How to complete this task: Print, exactly as they stand, the lines below from the one that has "Used Hongqi HS5" to the one that has "Vestido Zora Blanco Gis", inclusive, leaving out the pictures.

Data section:
▬▬▬
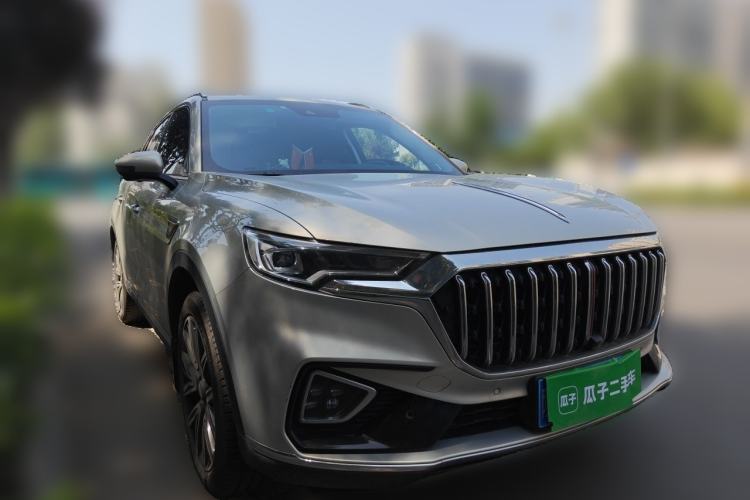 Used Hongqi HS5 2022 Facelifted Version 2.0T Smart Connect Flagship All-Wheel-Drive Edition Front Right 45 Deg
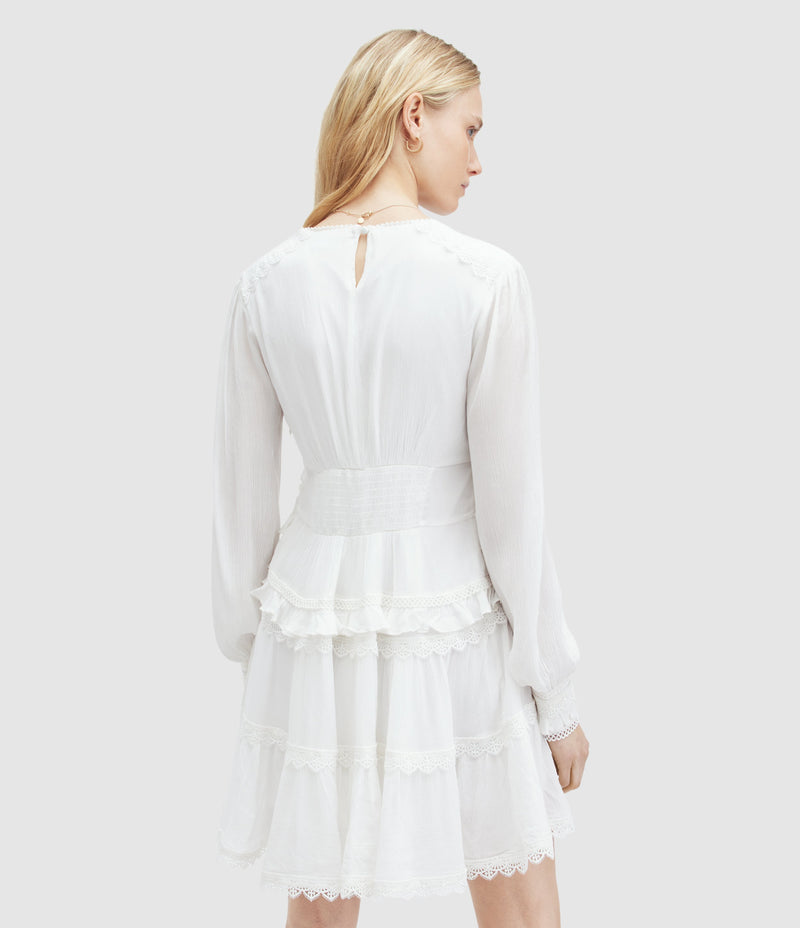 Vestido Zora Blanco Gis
▬▬▬
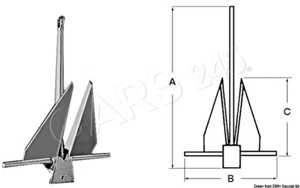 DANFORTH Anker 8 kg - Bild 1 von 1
▬▬▬
Response:
 Used Hongqi HS5 2022 Facelifted Version 2.0T Smart Connect Flagship All-Wheel-Drive Edition Front Right 45 Deg
 Vestido Zora Blanco Gis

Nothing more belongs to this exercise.